■ To do ■
Copy out precisely the lines of the material that follows, beginning with the line containing "Meteoroloji duyurdu! Bugün" and ending with its last line; exclude pictures.

■ Listed entries ■
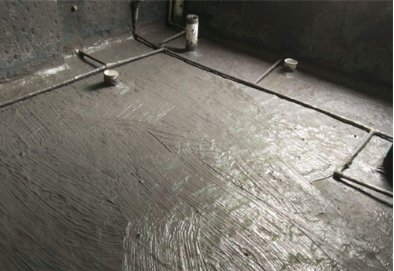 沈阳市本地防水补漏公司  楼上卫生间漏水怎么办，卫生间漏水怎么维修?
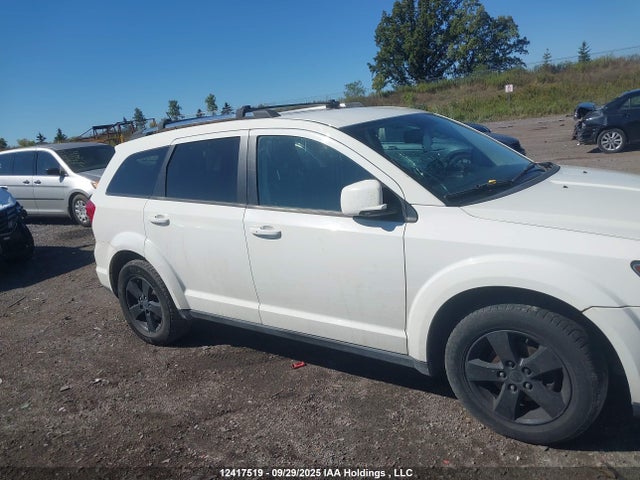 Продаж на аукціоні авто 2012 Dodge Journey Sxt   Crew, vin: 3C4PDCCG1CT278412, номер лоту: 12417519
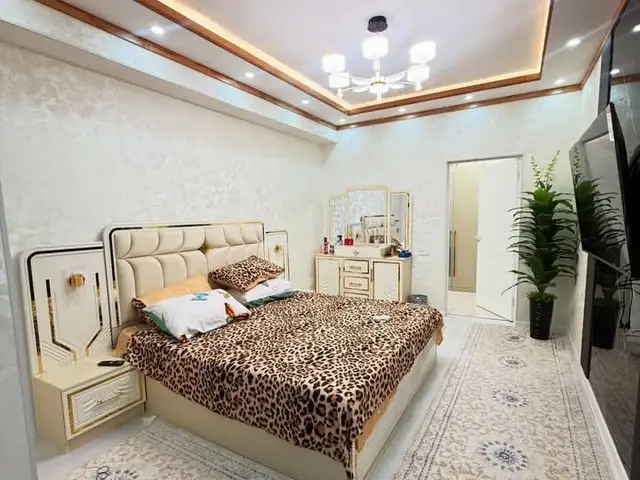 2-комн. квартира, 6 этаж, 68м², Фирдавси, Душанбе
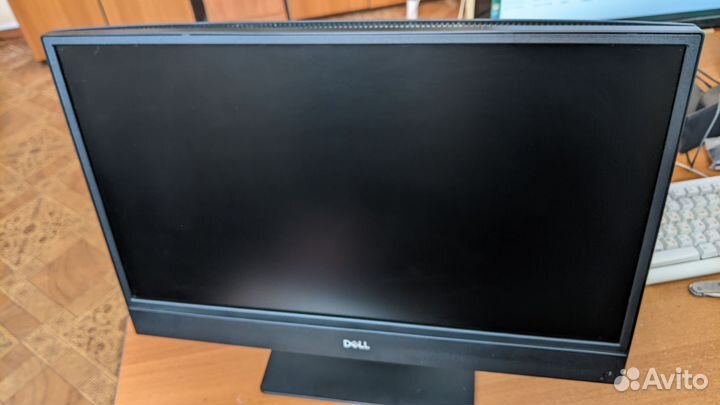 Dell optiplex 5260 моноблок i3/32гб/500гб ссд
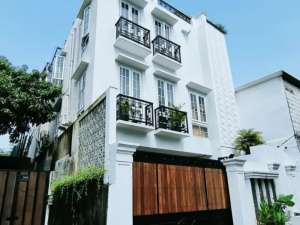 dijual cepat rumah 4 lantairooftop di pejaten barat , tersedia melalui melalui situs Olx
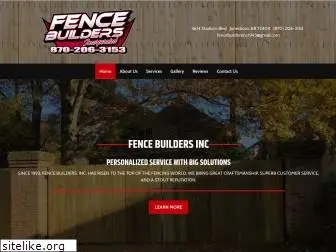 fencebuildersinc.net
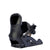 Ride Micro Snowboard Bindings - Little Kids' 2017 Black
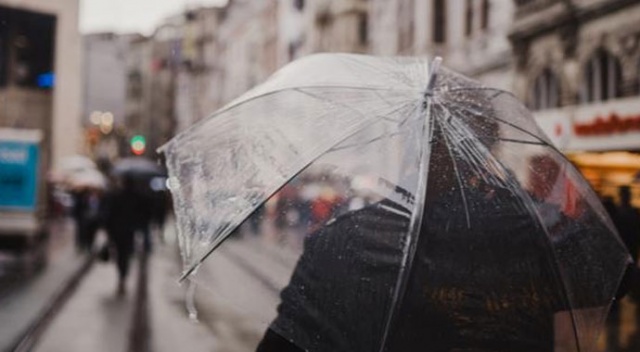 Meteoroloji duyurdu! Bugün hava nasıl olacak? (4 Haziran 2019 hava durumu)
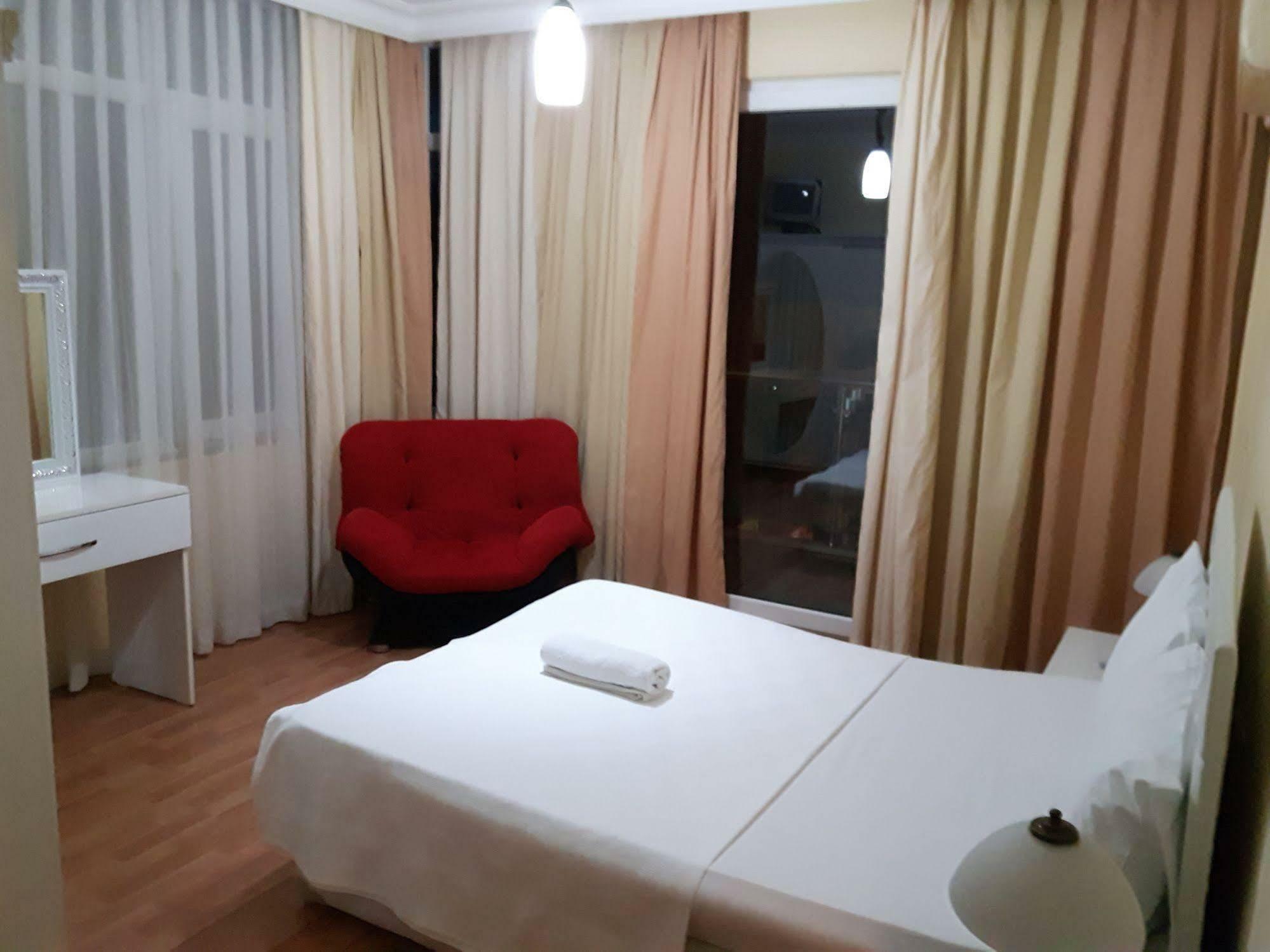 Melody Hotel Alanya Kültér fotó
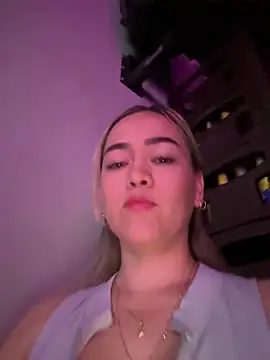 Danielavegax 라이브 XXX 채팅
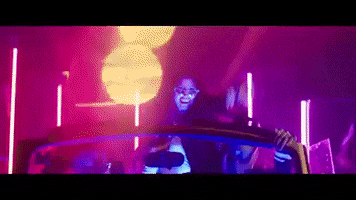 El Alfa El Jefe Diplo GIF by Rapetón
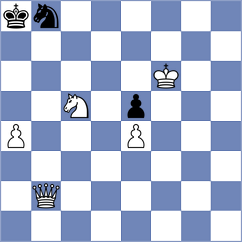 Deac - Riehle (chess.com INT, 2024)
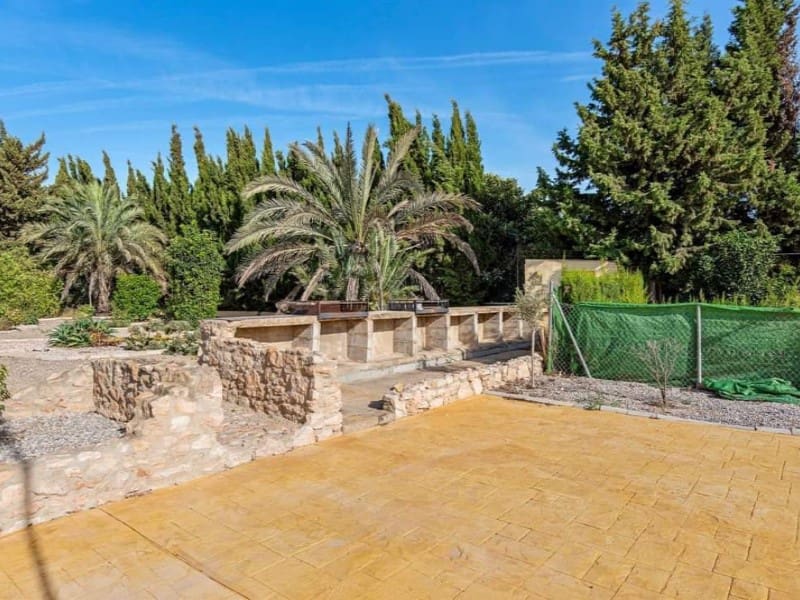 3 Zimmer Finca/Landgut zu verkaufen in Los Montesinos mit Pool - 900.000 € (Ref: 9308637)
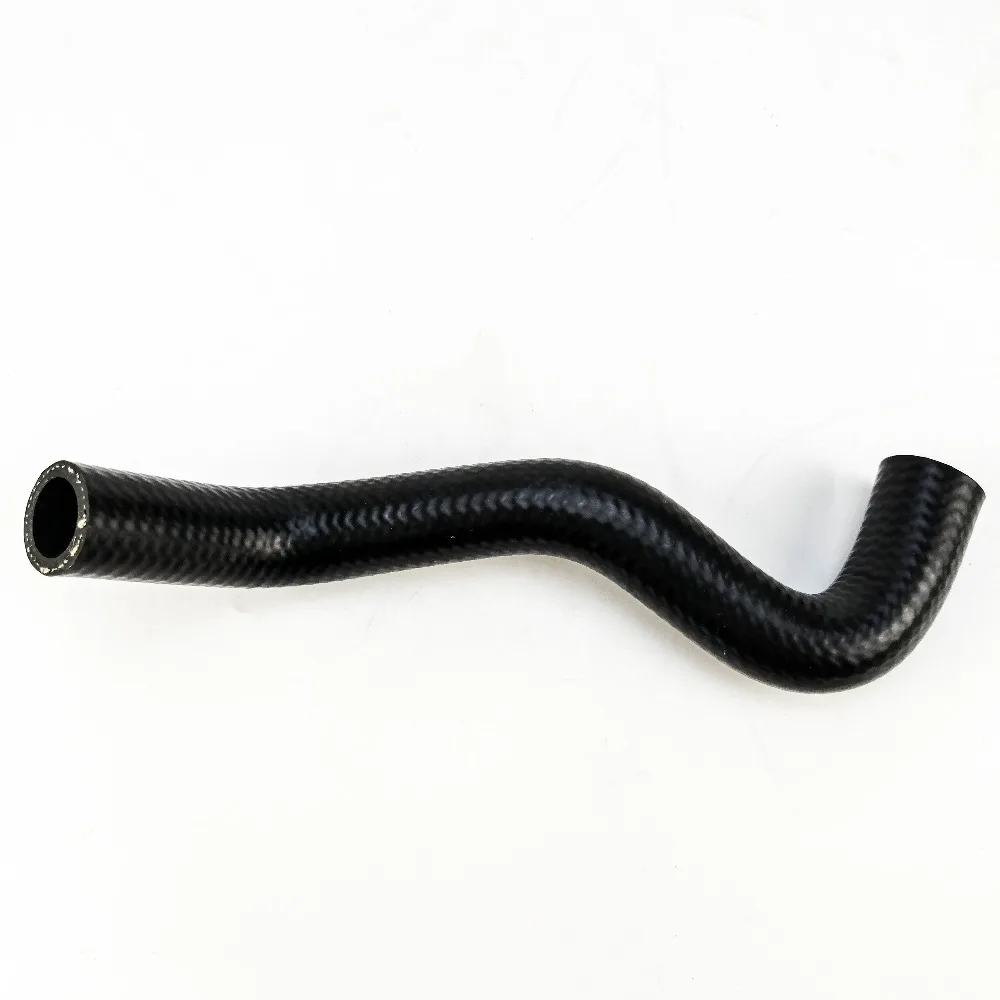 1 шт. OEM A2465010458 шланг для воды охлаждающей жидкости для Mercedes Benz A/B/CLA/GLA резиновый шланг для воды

■ Solution to this exercise ■
 Meteoroloji duyurdu! Bugün hava nasıl olacak? (4 Haziran 2019 hava durumu)
 Melody Hotel Alanya Kültér fotó
 Danielavegax 라이브 XXX 채팅
 El Alfa El Jefe Diplo GIF by Rapetón
 Deac - Riehle (chess.com INT, 2024)
 3 Zimmer Finca/Landgut zu verkaufen in Los Montesinos mit Pool - 900.000 € (Ref: 9308637)
 1 шт. OEM A2465010458 шланг для воды охлаждающей жидкости для Mercedes Benz A/B/CLA/GLA резиновый шланг для воды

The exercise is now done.